▶ [PROBLEM TO SOLVE]: Task for the records below: copy exactly from the first line on, stopping once the line with "CMYK Savage Camo" is copied, and leave out the pictures.

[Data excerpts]
= = =

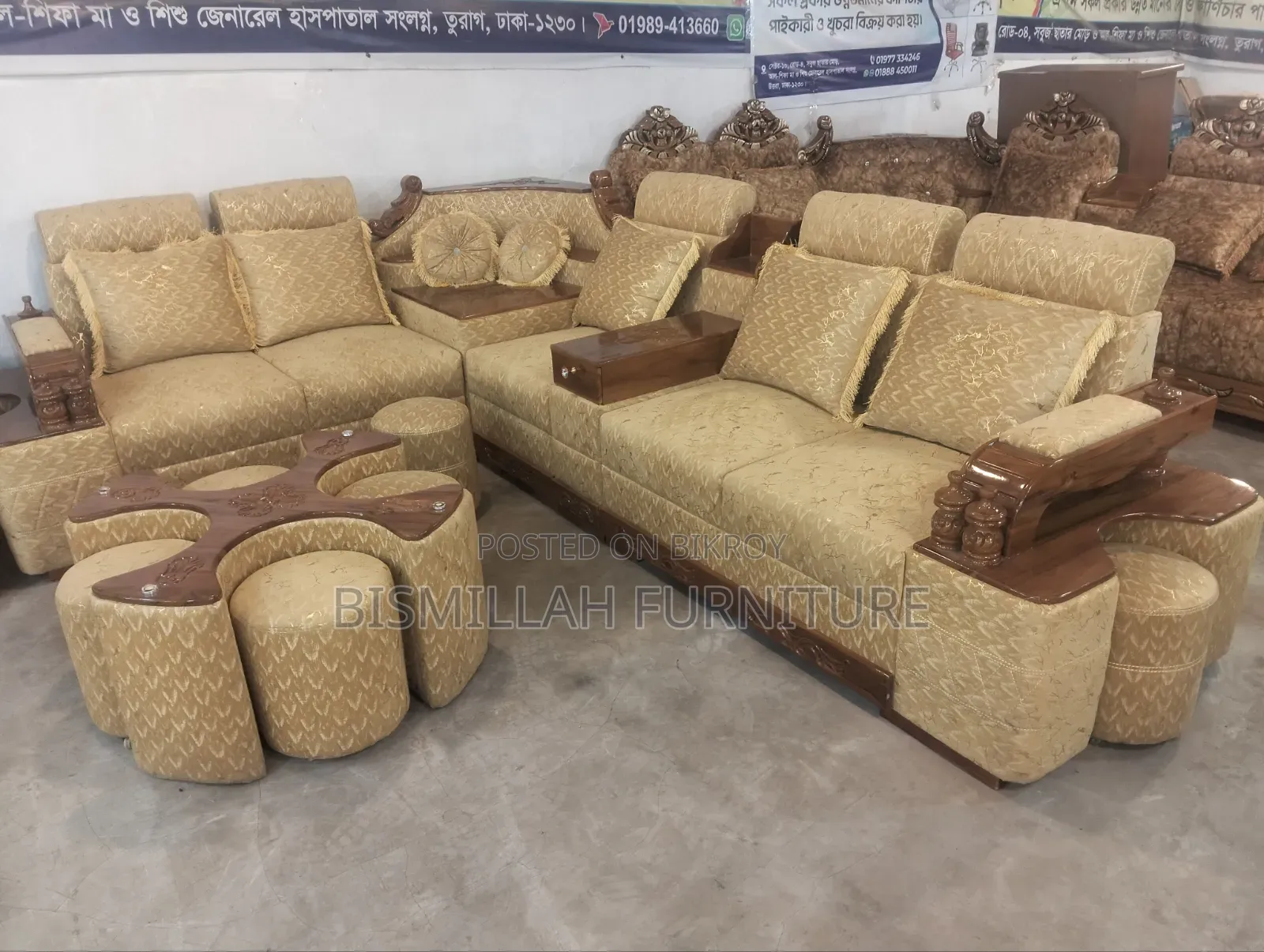 Teak Wood Sofa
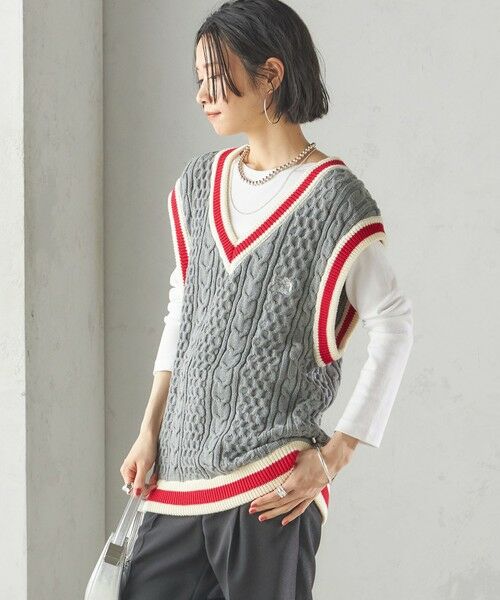 SHIPS / シップス ベスト | 【SHIPS別注】LOGAN KNITTING MILLS: チルデン Vネック ベスト | 詳細23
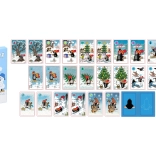 Vieux Garçon avec motifs de symboles – jeu de cartes classique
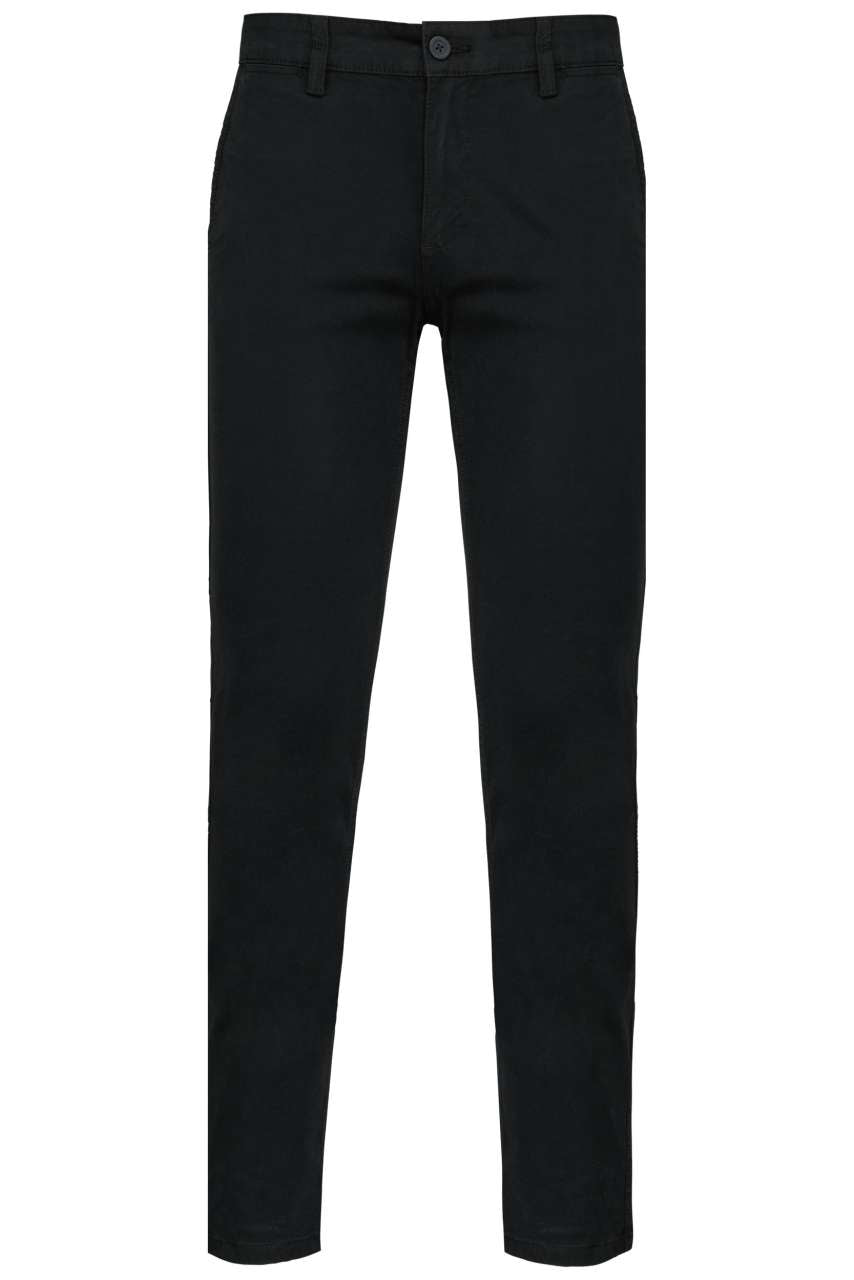 MEN'S CHINO TROUSERS - Black - colorimageurl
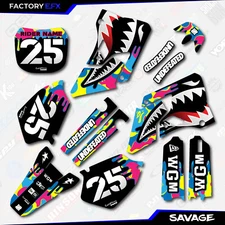 CMYK Savage Camo Graphics Kit fits 00-01 Yamaha YZ125 YZ250 YZ 125 250 Decals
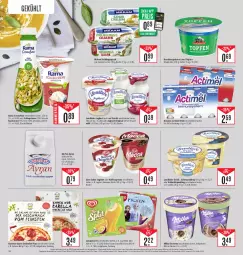 Gazetka promocyjna Edeka - Angebote der Woche - Gazetka - ważna od 14.10 do 14.10.2023 - strona 10 - produkty: actimel, actimel drink, angebot, Ayran, Becher, coupon, coupons, creme, danone, danone actimel drink, deka, disney, drink, eis, eiscreme, flasche, frucht, gin, Grießpudding, HP, joghur, joghurt, kaffee, kaffeegenuss, kirsch, Kochcreme, landliebe, landliebe joghurt, langnese, langnese eis, milch, milka, milram, nuss, Ofen, pizza, pudding, quark, rabatt-coupon, rama, rama cremefine, reis, sahne, sahne joghurt, steinofen, steinofen pizza, Ti, topf, Topfen, vanille, vollmilch, zott, ZTE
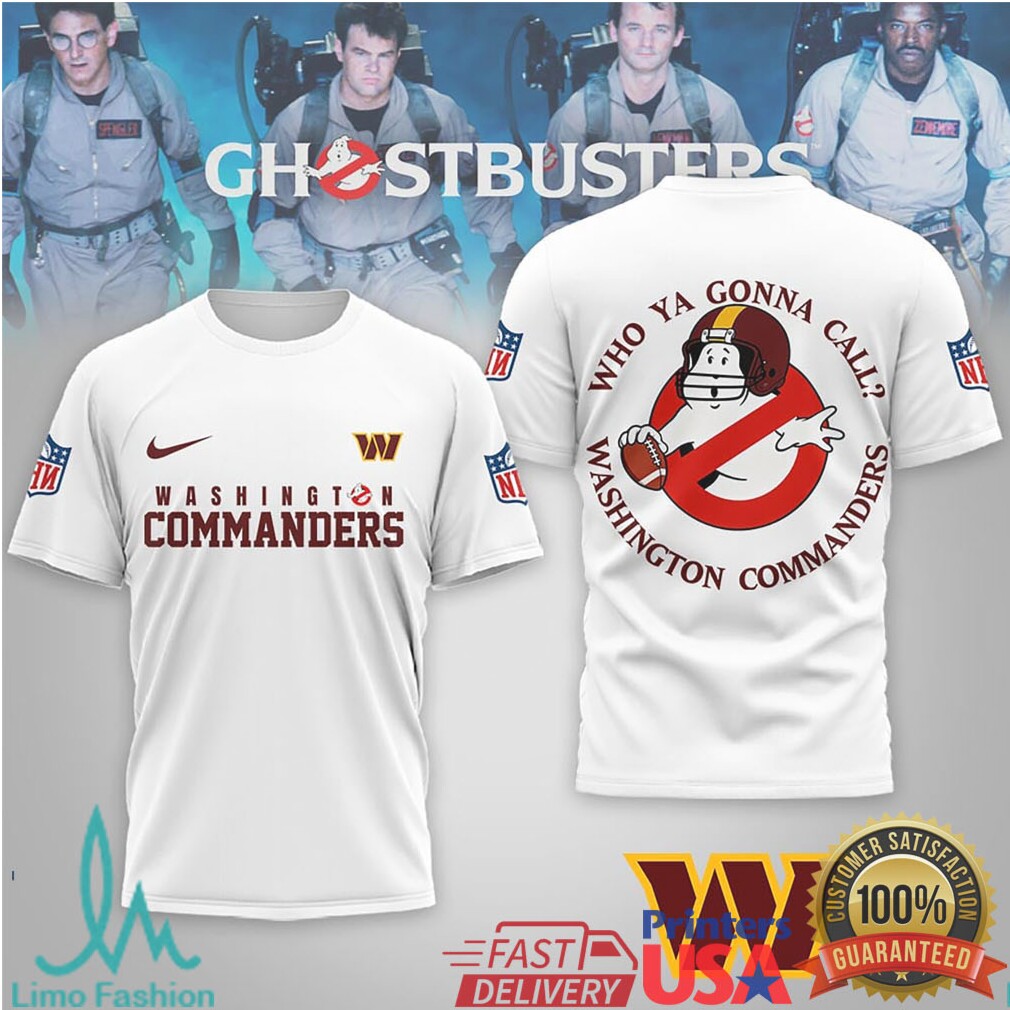 Washington Commanders Official NFL Ghostbusters 3D Shirt Washington Commanders Official NFL Ghostbusters 3D Shirt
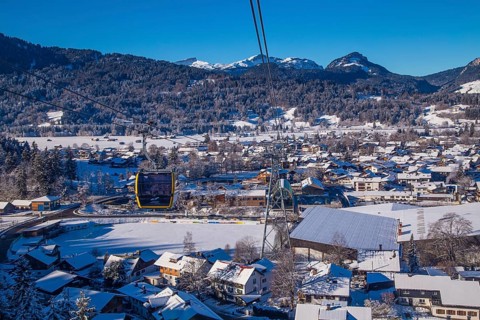 View of Oberstdorf from the Nebelhorn cable car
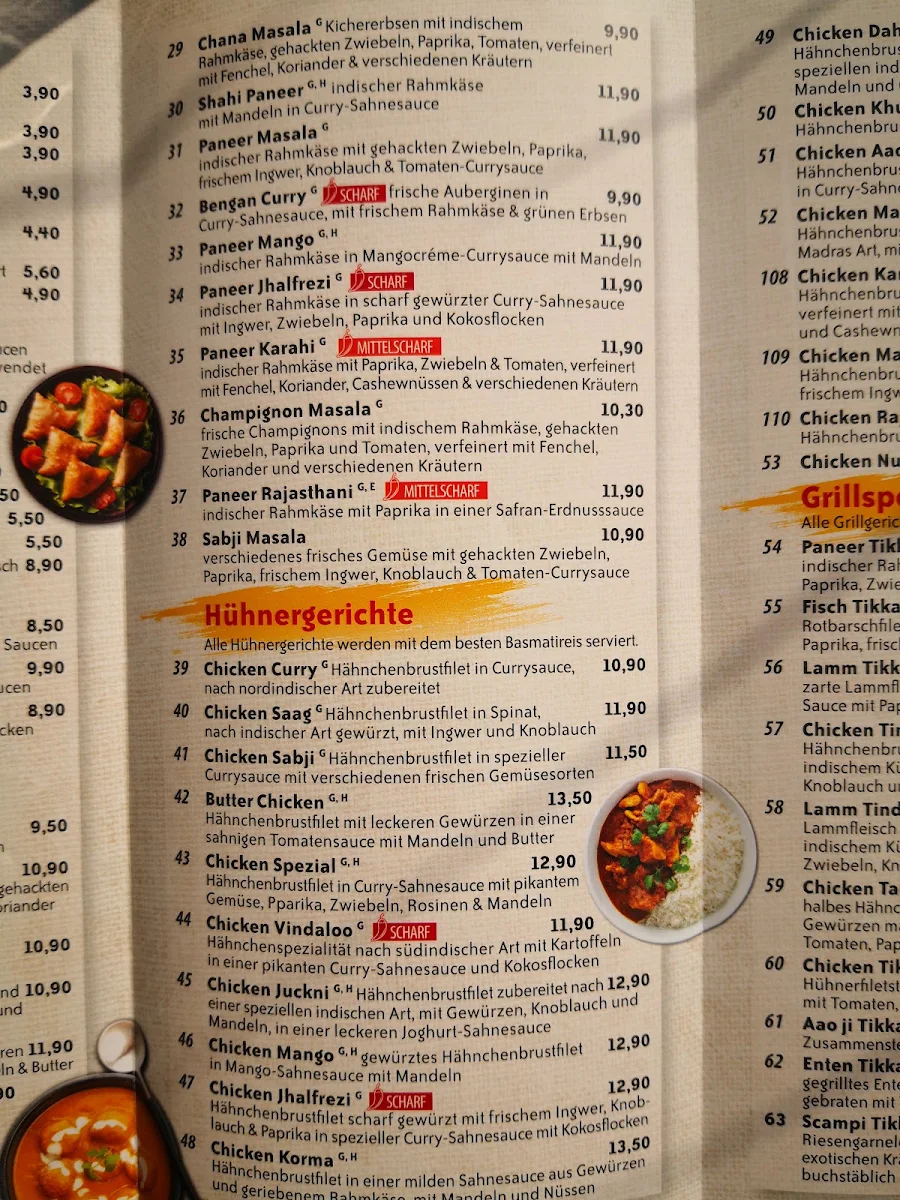 Speisekarte, Aao Ji Restaurant - Schöneiche bei Berlin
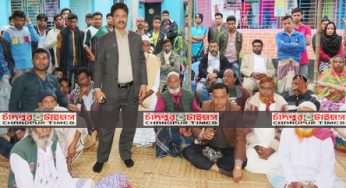 মতলবে মান্নান বেপারীর পাঞ্জাবী প্রতীকে গণসংযোগ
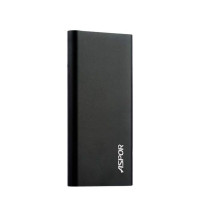 Портативний зарядний пристрій (Повербанк) Aspor A383 10000 mAh- чорний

= = =

▶ [TASK RESULT]:
 Teak Wood Sofa
 SHIPS / シップス ベスト | 【SHIPS別注】LOGAN KNITTING MILLS: チルデン Vネック ベスト | 詳細23
 Vieux Garçon avec motifs de symboles – jeu de cartes classique
 MEN'S CHINO TROUSERS - Black - colorimageurl
 CMYK Savage Camo Graphics Kit fits 00-01 Yamaha YZ125 YZ250 YZ 125 250 Decals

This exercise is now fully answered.